Three men are in a hot-air balloon. Soon, they find themselves lost in a canyon somewhere. One of the three men says, “I’ve got an idea. We can call for help in this canyon and the echo will carry our voices far.” So he leans over the basket and yells out, “Helllloooooo! Where are we?” (They hear the echo several times.)
Fifteen minutes pass. Then they hear this echoing voice: “Helllloooooo! You’re lost!!” One of the men says, “That must have been a statistician.” Puzzled, one of the other men asks, “Why do you say that?”
The reply: “For three reasons: 1) he took a long time to answer, 2) he was absolutely correct, and 3) his answer was absolutely useless.”
Well, thats pretty much what happens to your queries when statistics go wrong on SQL Server.
SQL Server takes ages to come back and whilst your results remain correct, the effects could make your entire SQL Server useless for the rest of the queries.
What statistics does SQL Server use for my query?
A query that’s generally performing fine, suddenly slows down to unacceptable levels. The support desk is lit up by furious users, the manager’s now watching over your head and whilst the panic levels are up, a calm and collected approach is the only way to get this fixed.
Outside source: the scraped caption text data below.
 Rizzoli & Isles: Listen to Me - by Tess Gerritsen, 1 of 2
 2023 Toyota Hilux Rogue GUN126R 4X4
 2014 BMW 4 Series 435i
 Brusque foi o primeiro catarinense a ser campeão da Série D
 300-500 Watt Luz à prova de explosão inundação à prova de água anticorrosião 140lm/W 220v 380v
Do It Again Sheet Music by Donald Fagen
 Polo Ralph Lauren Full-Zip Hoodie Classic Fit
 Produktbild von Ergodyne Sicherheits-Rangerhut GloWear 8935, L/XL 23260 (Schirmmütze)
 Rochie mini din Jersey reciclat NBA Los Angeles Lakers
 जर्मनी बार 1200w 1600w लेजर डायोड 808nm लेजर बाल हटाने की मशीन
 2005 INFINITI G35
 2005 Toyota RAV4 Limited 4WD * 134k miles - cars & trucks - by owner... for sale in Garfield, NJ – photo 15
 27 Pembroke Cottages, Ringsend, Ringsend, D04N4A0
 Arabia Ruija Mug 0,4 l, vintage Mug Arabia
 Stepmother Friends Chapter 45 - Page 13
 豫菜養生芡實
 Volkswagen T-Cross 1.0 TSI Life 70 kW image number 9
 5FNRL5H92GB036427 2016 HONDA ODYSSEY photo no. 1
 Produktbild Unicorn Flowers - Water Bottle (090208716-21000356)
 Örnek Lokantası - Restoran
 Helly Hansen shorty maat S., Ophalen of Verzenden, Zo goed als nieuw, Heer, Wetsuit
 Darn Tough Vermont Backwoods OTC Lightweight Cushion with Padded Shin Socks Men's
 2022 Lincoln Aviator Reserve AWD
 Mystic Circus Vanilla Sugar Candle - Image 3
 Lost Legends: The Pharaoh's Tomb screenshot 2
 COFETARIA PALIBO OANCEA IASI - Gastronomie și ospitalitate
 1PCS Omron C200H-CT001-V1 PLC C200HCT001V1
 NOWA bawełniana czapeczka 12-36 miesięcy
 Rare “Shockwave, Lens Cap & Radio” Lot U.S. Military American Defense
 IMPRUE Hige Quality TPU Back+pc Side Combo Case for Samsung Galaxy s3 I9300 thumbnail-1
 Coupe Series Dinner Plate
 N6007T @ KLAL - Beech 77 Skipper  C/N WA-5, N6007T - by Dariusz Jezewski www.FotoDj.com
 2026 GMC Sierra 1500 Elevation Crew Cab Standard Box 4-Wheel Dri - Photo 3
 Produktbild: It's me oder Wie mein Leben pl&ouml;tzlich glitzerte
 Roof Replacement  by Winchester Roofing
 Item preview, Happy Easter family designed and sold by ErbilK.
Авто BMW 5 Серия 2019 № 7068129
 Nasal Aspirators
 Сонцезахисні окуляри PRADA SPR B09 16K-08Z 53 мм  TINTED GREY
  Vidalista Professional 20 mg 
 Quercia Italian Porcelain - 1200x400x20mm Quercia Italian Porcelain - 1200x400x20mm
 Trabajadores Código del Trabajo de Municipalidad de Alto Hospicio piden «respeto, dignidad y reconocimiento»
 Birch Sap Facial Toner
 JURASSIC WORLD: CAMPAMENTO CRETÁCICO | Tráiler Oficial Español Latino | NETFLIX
Here’s the execution plan of the badly performing query and it’s easily noticeable that there’s a statistics issue.
The “dark art” of SQL Server has just gone wrong, as we have stale statistics!
Opening the “Statistics” section of the table within the Object Explorer shows tons of them. A thought goes through your head, “Why does SQL Server create so many statistics automatically”. Well, that’s the least of our problems at this point in time.
A word of caution here: NEVER update all statistics on the table. On big tables, where you’re likely to see such problems, updating statistics with full scan on auto-created statistics would scan through the entire table. Doing this for entire table means scanning through the table as many times as the number of these statistics on your table. Yes, SQL Server does not update multiple statistics with one scan! …………………..Imagine the IO explosion!
So you’re wondering which of these statistics is the problem and which one needs to be updated. There’s one way to find out which. You guessed it – trace flags. So here goes the caveat. The trace flag used here is UNDOCUMENTED and would, therefore, suggest using it with great caution. If using in production environment, then only enable the trace flag for the SSMS session used to troubleshoot the problem. However, it would be recommended to refresh the pre-production environment to try and replicate the issue in the first instance.
Let’s start by turning on trace flag 8666.
This enables further information to be made available for debugging when you look at the execution plan properties.
Now execute the query with “Include Actual Execution Plan” enabled (I hope you’re trying this on your test server), right-click the root node of the plan and select “Properties”. You will see an extra section (Internal Debugging Information) which looks as below:
If you click on the ellipsis button to the right, a separate window will pop up, displaying the entire XML of the InternalInfo. The interesting section for us here is the ModTrackingInfo.
This shows exactly the statistics used by SQL Server for cardinality estimation and the one(s) to update, in order to improve the query performance in question. Sure enough, updating this gives a much accurate estimation and a plan optimal based on that.
At this point it’s also worth noting that another trace flag 2371 enables SQL Server to use a dynamic threshold which would help mitigate statistics going stale on larger tables. This trace flag is well documented by Microsoft here.
If you’re using SQL Server 2016, however, this is the default behaviour as it already uses the improved algorithm. Light at the end of the tunnel!
Hope this proves to be a useful article to help diagnose some of your hidden problems.